The main benefit for the harassed Australian or New Zealand social media marketer is the suite of scheduling and management tools, alongside some basic analytics:
• Hootsuite offers a, well, suite of scheduling and management tools for social media marketers. It’s one of the oldest and most popular social media management platforms out there (and in some ways, the UI is showing its age)
• The free versions of Social Oomph and TweetDeck are great if you have just one channel.
• Sprout Social is another classic (no longer with a free version, alas) that allows you to publish, schedule and manage social.
Some key watch outs:
• Check your meta-data: These tools may scrape the link on your social post for the title, image, description and the URL. Sometimes the wrong image will pull through, or the title will display strangely. A simple solution? Set up a private, dummy social account for testing.
• Beware the snowball: These free packages are designed for up-selling. Keep an eye on what you actually need and don’t automatically upgrade without taking a close look at the detail. Analytics like social listening, competitive benchmarking, paid and organic ROI reporting will only come with the enterprise or premium subscriptions.
When you reach a maturity point where your brand is spending a substantial amount of budget on social media, you’ll need to justify that spending – there’s no point investing if the business don’t get a return.
Your board or management team may start asking:
• What’s the Marketing ROI?
• How are we performing compared to other brands in our category?
• Are our social media efforts succeeding in getting new leads into our database?
You’ll also be ready for more sophisticated marketing and answers to questions like:
• How is our target audience feeling at the moment? Can we help them feel more optimistic, or help fulfil a need?
• What topics are driving conversation – do we have something effective to say?
• Which of our posts was most effective against these specific objectives?
• What kind of social content deliver us the best marketing ROI?

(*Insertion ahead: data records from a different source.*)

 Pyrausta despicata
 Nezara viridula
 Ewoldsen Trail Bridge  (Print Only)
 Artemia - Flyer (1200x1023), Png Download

It’s easy to look at shares and likes on various platforms, but those metrics doesn’t offer much insight when you’re trying to answer strategic questions. That’s why, over the past few years, a host of social media analytics tools have been launched. These tools use a variety of methods to measure social media performance, going way beyond likes and shares. Some focus on analysing the sentiment surrounding different posts, some look at trends or link marketing spend to business growth, and others – like Zavy – do it all.
Zavy is a relative newcomer to the social analytics world - we're not retrofitting our analytics to fit the moment, it's all based on what marketers need to succeed in today's landscape. We offer a unique range of analytics tools, powered by machine learning and AI, on an intuitive, user-friendly platform.

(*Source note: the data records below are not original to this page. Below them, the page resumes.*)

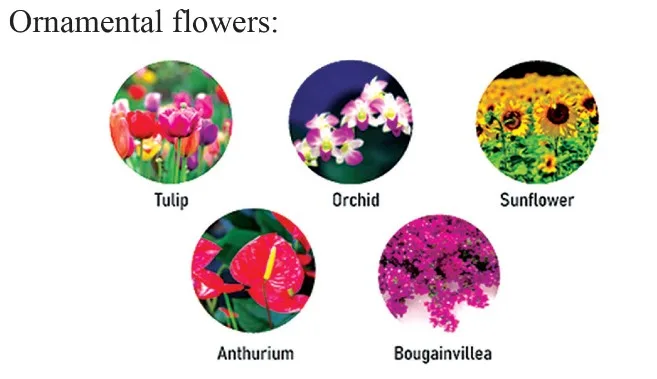 Flower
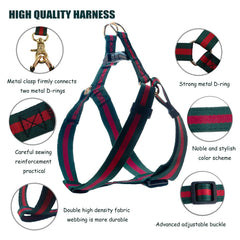 Echentie luxury harness and leash set shown with wearable design for stylish daily walks.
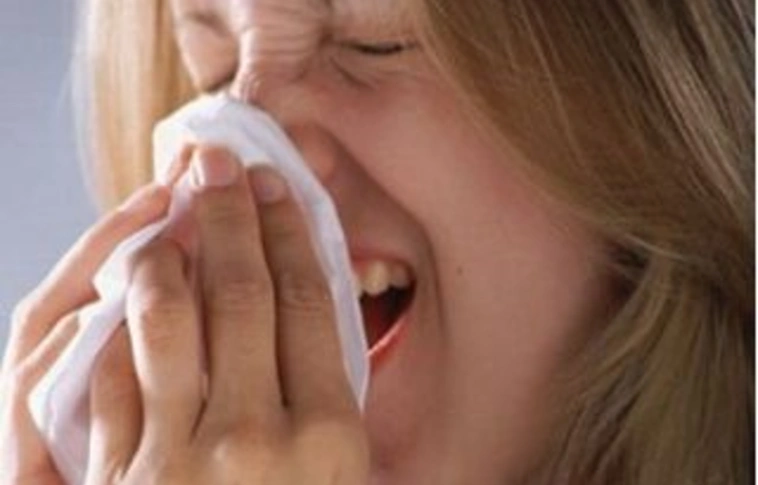 Nem támad az influenza Borsodban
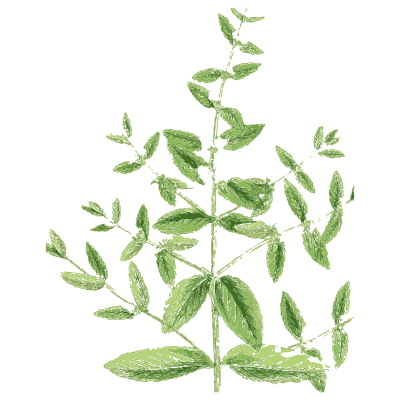 Bushy thyme - English Botany, or Coloured Figures of British Plants, Volume 7 - 1863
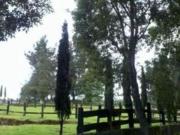 Terreno a pie de carretera a 2 km cedis Topilejo. 10,000 m2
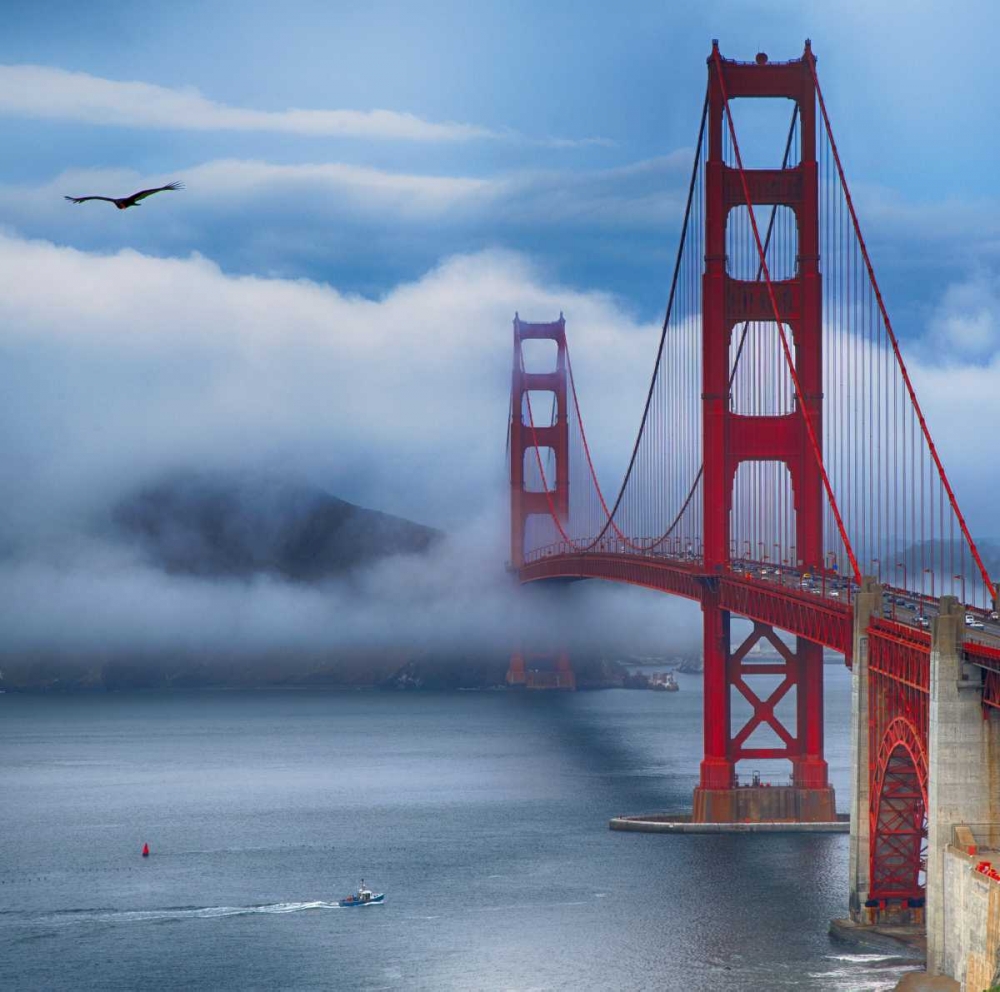 Crane, Rita 20x20 Gold Ornate Wood Framed with Double Matting Museum Art Print Titled - Golden Gate Bridge VIII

Our proprietary Social Score tool couldn’t be simpler: we compare your brand with similar businesses in your industry using proven performance metrics and give you a single number that signifies where you rank. If you’re just starting to look at your social media performance from a strategic perspective, it’s a clear place to start – from there, you can make changes and watch your score for improvement.

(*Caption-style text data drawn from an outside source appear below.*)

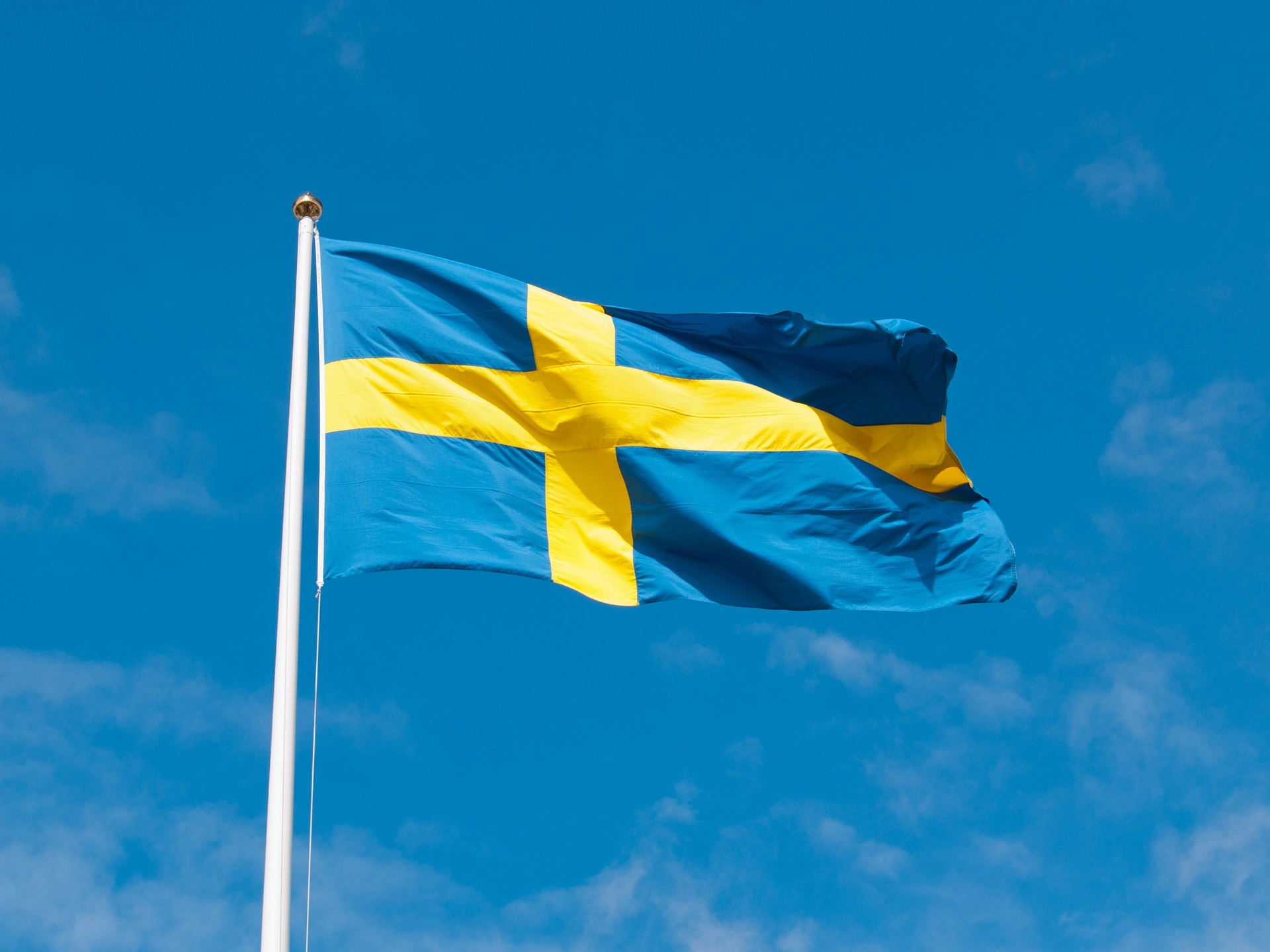 Introducing the Master of Science in Osteopathy in Sweden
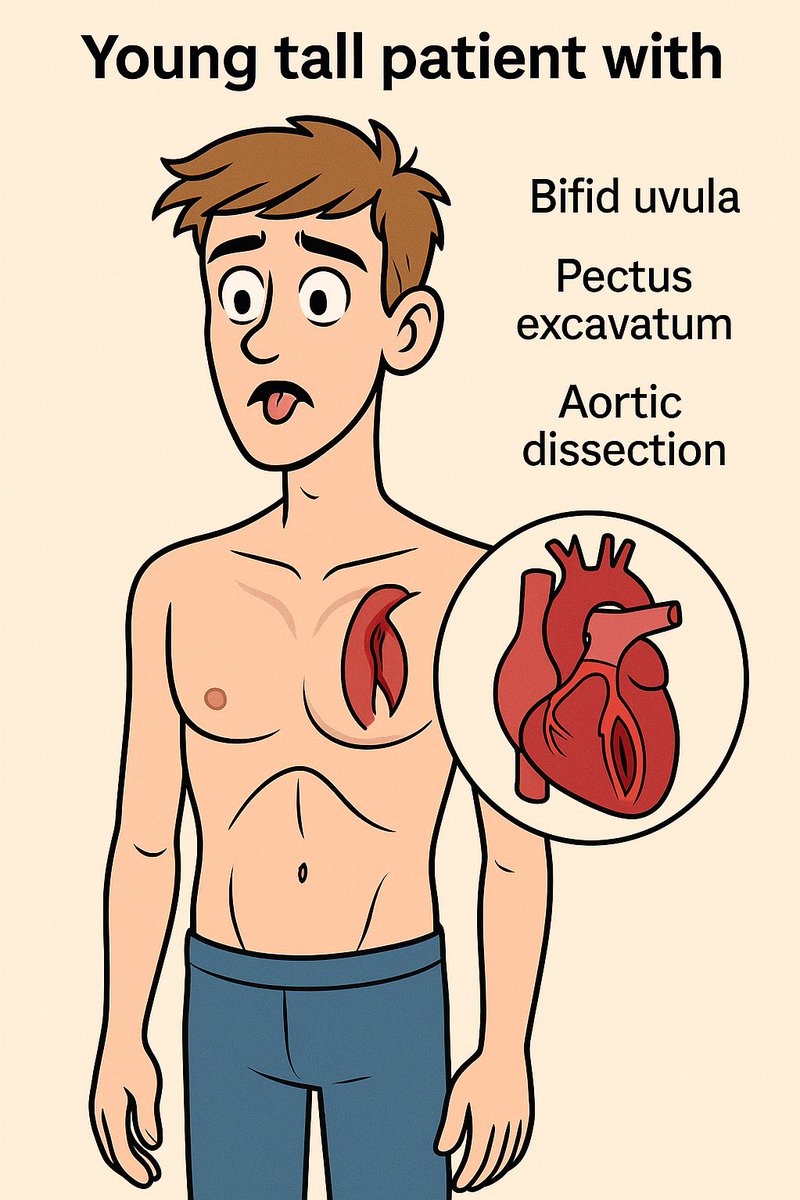 Dr Ihab Suliman tweet media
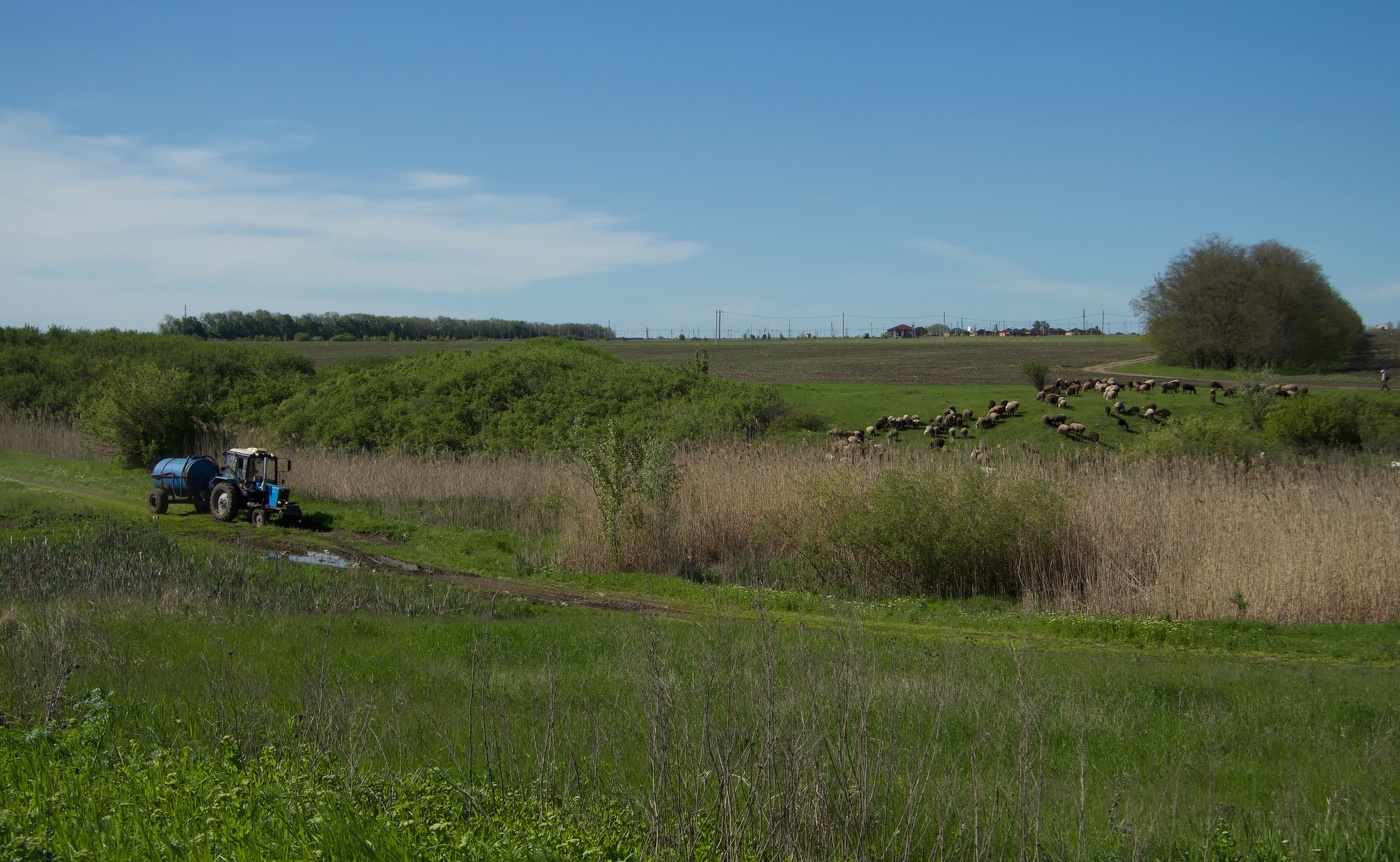 Деревенские будни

Digging deeper, we can analyse your performance over time, measure engagement, and benchmark your performance against key metrics. Our powerful social listening tools track and analyse thousands of comments and conversations on social media, giving you searchable, real-time insight into public sentiment around your brand and emotions on individual posts. It’s all designed to give you real, practical information about how your brand is working, so you can make changes and boost your ROI.
It’s no surprise that we think Zavy is the best social analytics tool out there – being the best has been our goal from the start. But remember, no matter where you are in your social analytics journey, the key is to set yourself up for success from the get-go.